Claeys confirma: "queremos que os países possam voltar a controlar as suas fronteiras para poderem aplicar políticas mais restritivas para lutar contra a imigração em massa, a imigração ilegal, sobretudo de fora da União Europeia".

Do anti-Islão ao anti-semitismo
A Frente Nacional francesa e o Partido pela Liberdade holandês já assinaram um acordo tendo em vista a formação de um grupo. Marine Le Pen, a líder da Frente Nacional, faz campanha na Bélgica a apelar ao voto da comunidade francófona nos flamengos do Vlaams Belang.

Mas esta aparente harmonia e convergência de interesses pode esbarrar no facto de as suas diferenças serem provavelmente mais profundas que as semelhanças.

O entusiasmo dos belgas em relação ao euro não é partilhado pelos franceses. O discurso ferozmente anti-Islão do partido holandês é cuidadosamente evitado por outros. Em contrapartida, as posições anti-semitas assumidas por franceses e austríacos num passado recente podem ser um embaraço para o partido holandês, cujo líder se apresenta como um amigo de Israel.


Foto: EPA

São equilíbrios delicados que tornam ainda mais agudo o problema dos números. Em princípio estes partidos não terão dificuldade em reunir os 25 deputados exigidos pelo PE para a formação de um grupo.
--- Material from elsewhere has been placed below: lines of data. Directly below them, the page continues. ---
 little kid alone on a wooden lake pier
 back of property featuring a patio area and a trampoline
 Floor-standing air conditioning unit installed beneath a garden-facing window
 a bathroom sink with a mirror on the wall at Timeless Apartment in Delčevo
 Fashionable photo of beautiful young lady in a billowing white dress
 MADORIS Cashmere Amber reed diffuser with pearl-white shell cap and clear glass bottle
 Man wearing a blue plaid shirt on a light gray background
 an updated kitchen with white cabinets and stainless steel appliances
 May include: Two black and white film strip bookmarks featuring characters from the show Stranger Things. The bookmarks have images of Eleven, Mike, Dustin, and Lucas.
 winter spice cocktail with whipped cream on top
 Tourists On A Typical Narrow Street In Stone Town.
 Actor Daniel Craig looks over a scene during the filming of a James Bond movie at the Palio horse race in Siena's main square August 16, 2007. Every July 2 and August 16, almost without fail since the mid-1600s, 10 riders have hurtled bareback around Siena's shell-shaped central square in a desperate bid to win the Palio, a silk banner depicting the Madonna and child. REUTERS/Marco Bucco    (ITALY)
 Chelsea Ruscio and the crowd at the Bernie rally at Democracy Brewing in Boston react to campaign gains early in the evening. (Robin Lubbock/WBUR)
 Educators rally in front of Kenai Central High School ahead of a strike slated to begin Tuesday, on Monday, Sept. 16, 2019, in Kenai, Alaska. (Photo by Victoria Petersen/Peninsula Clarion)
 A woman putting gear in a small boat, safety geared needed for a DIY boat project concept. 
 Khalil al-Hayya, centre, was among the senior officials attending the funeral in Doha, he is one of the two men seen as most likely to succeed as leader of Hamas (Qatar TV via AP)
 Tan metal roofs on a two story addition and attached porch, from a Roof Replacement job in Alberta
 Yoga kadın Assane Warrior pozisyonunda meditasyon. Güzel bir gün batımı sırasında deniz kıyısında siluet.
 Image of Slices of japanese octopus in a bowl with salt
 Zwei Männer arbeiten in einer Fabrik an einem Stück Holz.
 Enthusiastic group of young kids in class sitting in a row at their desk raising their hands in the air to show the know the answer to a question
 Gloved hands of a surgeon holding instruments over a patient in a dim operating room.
Mas mais difícil será garantir a presença de sete países de uma forma coesa.

Isso mesmo é admitido por Claeys, que reconhece que há contactos com "outros partidos" com um objectivo bem claro: "queremos uma base mais alargada e sólida para evitar possíveis dificuldades quando uma delegação não concordar com outra ou com uma posição do grupo". E decida bater com a porta, reenviando esta extrema-direita para o universo dos "não-inscritos", junto daqueles que eles vêem como "extremistas" e deitando por terra os seus esforços de conquista da respeitabilidade ao nível europeu.

Depois das eleições


Nigel Farage, do britânico UKIP. Foto: EPA

Firmemente ancorados há vários anos na paisagem política dos respectivos países, os partidos europeus da extrema-direita "clássica" (como a Frente Nacional francesa, o Partido Pela Liberdade holandês, o seu homónimo austríaco e o Interesse Flamengo, da Bélgica), acreditam que estas eleições lhes darão votos e deputados suficientes para poder formar um grupo político no Parlamento Europeu.

A nova formação poderá designar-se Aliança Europeia pela Liberdade e contará também com a participação de partidos da Eslováquia, Itália e Suécia (para cumprir o requisito de ter pelo menos 25 parlamentares de sete países diferentes).

Será uma quase estreia, que tenta fazer esquecer as efémeras experiências no final dos anos 1990 e em 2007. Porém, tudo pode voltar a acontecer, defende Marley Morris.

O investigador do Counterpoint UK não acredita que o novo grupo parlamentar, caso venha a formar-se, tenha um "impacto significativo" na vida do Parlamento Europeu. Prevê que será uma formação "pequena", com coesão "precária" e incapaz de formar alianças com outras famílias políticas. "Podem acabar por ser ostracizados e ver a sua capacidade de influência bastante limitada."

Este investigador antecipa um crescimento eleitoral significativo destas forças políticas, que prefere classificar como "populistas".

Acredita que a Frente Nacional francesa, o Partido Pela Liberdade holandês, o seu homónimo austríaco e o Interesse Flamengo formarão um grupo novo.

Já estruturas como o Partido da Independência do Reino Unido (UKIP) e os Verdadeiros Finlandeses (que, em 2011, fizeram da rejeição do apoio financeiro a Portugal uma das suas principais bandeiras eleitorais) deverão continuar a integrar a Europa da Liberdade e da Democracia.

Por fim, formações como os neonazis da Aurora Dourada, da Grécia, ou o Jobbik, partido húngaro declaradamente xenófobo, "são tão extremistas que não serão capazes de aderir a nenhum grupo", antecipa o investigador britânico.

O seu destino será o "limbo" dos chamados "não-inscritos": os eurodeputados que não integram nenhuma família política no qual a Frente Nacional, o Interesse Flamengo e o Partido Pela Liberdade holandês têm passado a maior parte da sua existência no Parlamento Europeu.